3.2 Fast convergence characteristics

To show that our algorithm can efficiently improve the device performance, we compare the proposed GPDS method with the traditional BFS method. The two methods start from the same random generated structure. In the BFS method, for each unit cell, we simulating the three material types to determine how to modify the parameter. Figure 3(b) and (c) show the performance of the two algorithms in the optimization process, respectively. The blue line represents the FOM as a function of iteration numbers. The GPDS method has searched the results with a FOM = 0.933 within 150 iterations, while the BFS method requires more than 2500 iterations to converge on a result with the FOM = 0.931. Considering that the adjoint algorithm requires an additional electromagnetic simulation to obtain the gradient, the GDS algorithm runs less than 300 electromagnetic simulations in total.
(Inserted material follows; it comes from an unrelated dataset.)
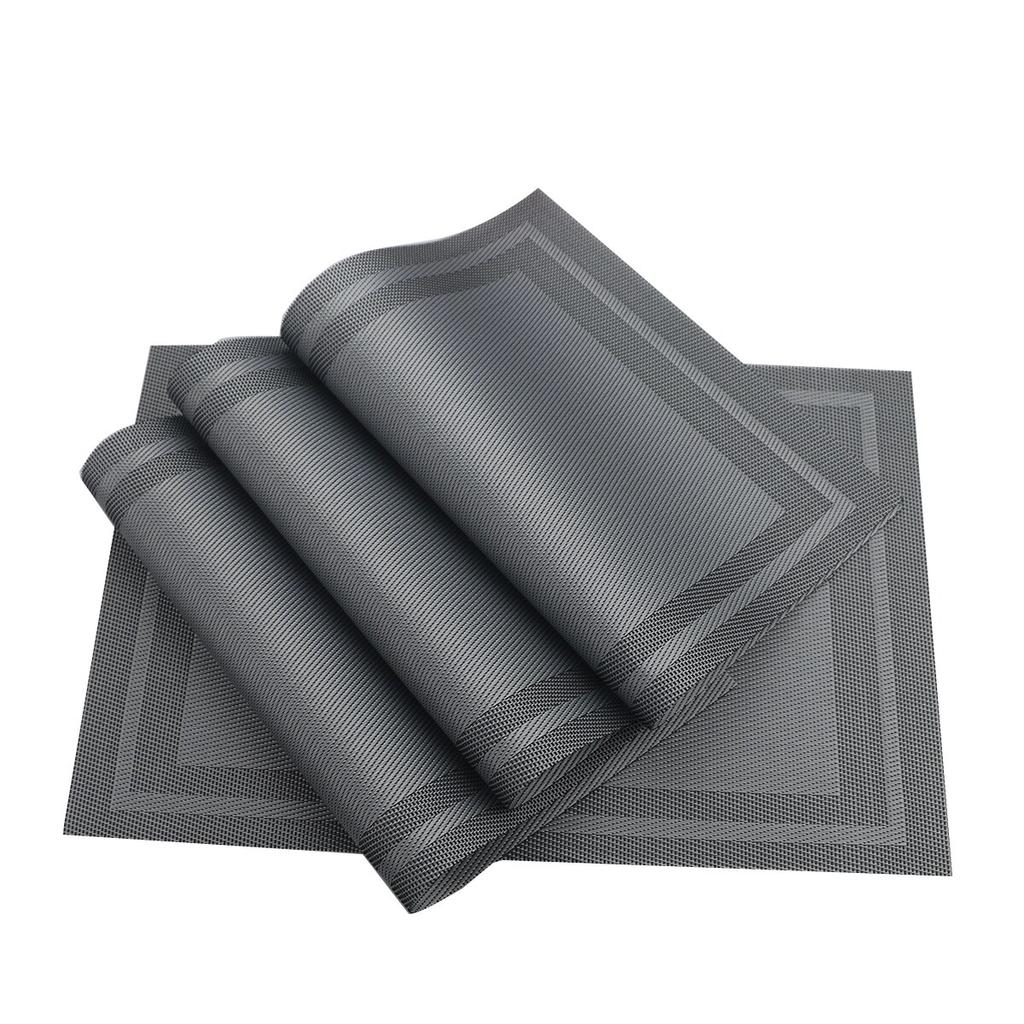 Tovaglietta 6 pezzi tovagliette da pranzo in PVC da cucina per la tavola, tappetino da pranzo sottobicchiere a prova di acqua, centrini individuali, tappetini per tazze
In comparison, the BFS method takes more than 2500 electromagnetic simulations. Typically, the electromagnetic simulation is the most time-consuming step in the optimization process of the photonics inverse design problem. Therefore, in this task, the time consumption of the GPDS algorithm is about only 12% of the BFS method. Figure 3(d) and (e) show the result obtained by the two methods, and note that the two layouts are somewhat different, indicating that the two algorithms find local optimal solutions. We show the corresponding electric field Ey component distributions respectively in Fig. 3(f) and (g), at 1550 nm wavelength. As a result, compared with the BFS algorithm, the proposed GPDS algorithm has significant advantages in terms of convergence speed.

 figure: Fig. 3.

Fig. 3. Randomly initialized device structure (a). FOM, as functions of iteration numbers for GPDS algorithm (b) and BFS method (c). The optimized layout of the TE0 mode to TE1 mode converter is obtained through the GPDS algorithm (d) and BFS Method (e). The electric field Ey distribution of the device obtained by the GPDS algorithm (f) and the BFS method (g).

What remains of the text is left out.